Core–shell catalysts consisting of nanoporous cores for oxygen reduction reaction

Abstract

A comprehensive experimental study was conducted on the dealloying of PdNi₆ nanoparticles under various conditions. A two-stage dealloying protocol was developed to leach >95% of Ni while minimizing the dissolution of Pd. The final structure of the dealloyed particle was strongly dependent on the acid used and temperature. When H₂SO₄ and HNO₃ solutions were used in the first stage of dealloying, solid and porous particles were generated, respectively. The porous particles have a 3-fold higher electrochemical surface area per Pd mass than the solid ones. The dealloyed PdNi₆ nanoparticles were then used as a core material for the synthesis of core–shell catalysts. These catalysts were synthesized in gram-size batches and involved Pt displacement of an underpotentially deposited (UPD) Cu monolayer.
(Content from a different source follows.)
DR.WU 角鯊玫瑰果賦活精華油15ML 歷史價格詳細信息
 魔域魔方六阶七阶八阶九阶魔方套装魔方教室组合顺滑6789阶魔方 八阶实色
The resulting materials were characterized by scanning transmission electron microscopy (STEM) and in situ X-ray diffraction (XRD). The oxygen reduction reaction (ORR) activity of the core–shell catalysts is 7-fold higher than the state-of-the-art Pt/C. The high activity was confirmed by a more than 40 mV improvement in fuel cell performance with a Pt loading of 0.1 mg cm⁻² by using the core–shell catalysts.